Quenching becomes independent of magnetic Reynolds number under certain flux conditions.

Analogous behavior to 3D MHD turbulence regarding magnetic helicity flux and alpha effect.

Abstract

We study a nonlinear quenching of turbulent magnetic diffusion and effective drift velocity of large-scale magnetic field in a developed two-dimensional MHD turbulence at large magnetic Reynolds numbers. We show that transport of the mean-square magnetic potential strongly changes quenching of turbulent magnetic diffusion.
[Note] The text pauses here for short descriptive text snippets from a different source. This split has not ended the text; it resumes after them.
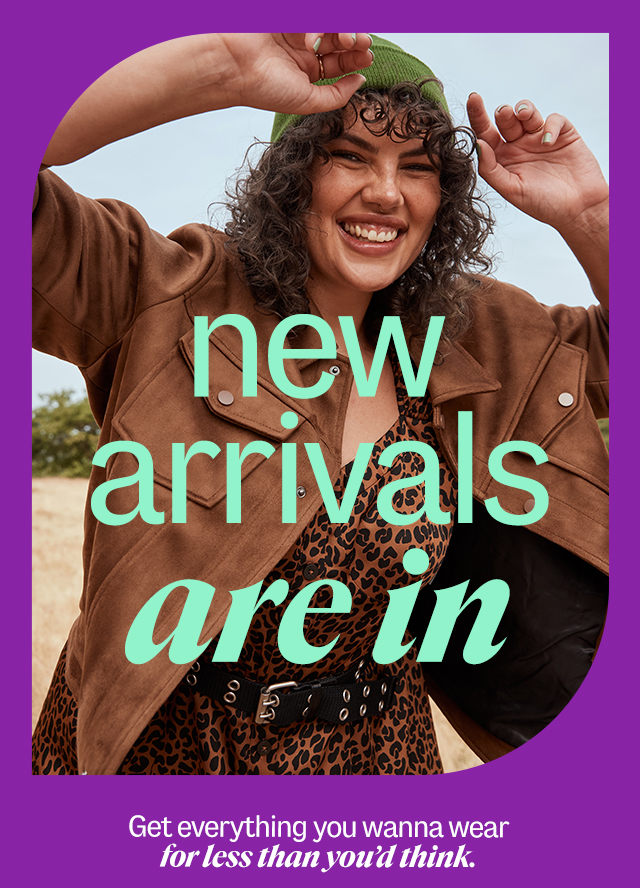 new arrivals are in Get everything you wanna wear for less than you'd think. Shop New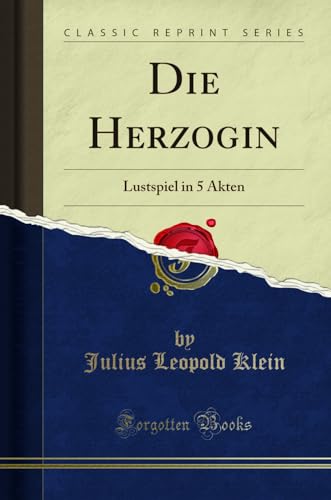 Stock image for Die Herzogin Lustspiel in 5 Akten Classic Reprint for sale by PBShop.store US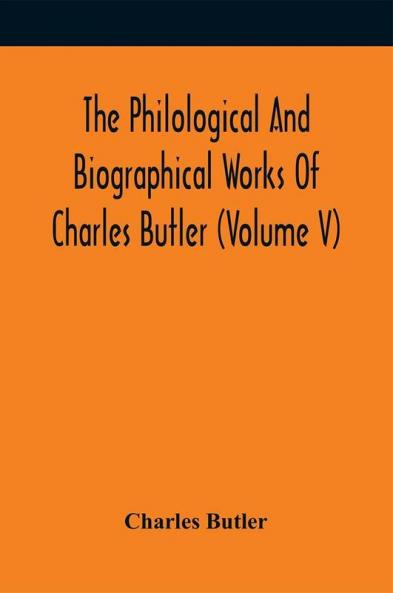 The Philological And Biographical Works Of Charles Butler (Volume V)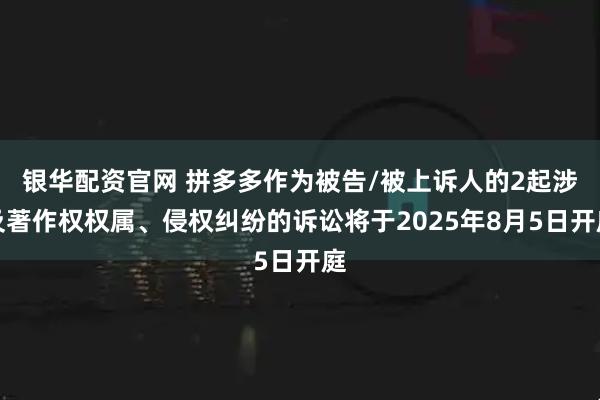 银华配资官网 拼多多作为被告/被上诉人的2起涉及著作权权属、侵权纠纷的诉讼将于2025年8月5日开庭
In particularly, the catastrophic quenching of turbulent magnetic diffusion does not occur for the large-scale magnetic fields $B \gg B_{\rm eq} / \sqrt{\rm Rm}$ when a divergence of the flux of the mean-square magnetic potential is not zero, where $B_{\rm eq}$ is the equipartition mean magnetic field determined by the turbulent kinetic energy and Rm is the magnetic Reynolds number. In this case the quenching of turbulent magnetic diffusion is independent of magnetic Reynolds number. The situation is similar to three-dimensional MHD turbulence at large magnetic Reynolds numbers whereby the catastrophic quenching of the alpha effect does not occur when a divergence of the flux of the small-scale magnetic helicity is not zero.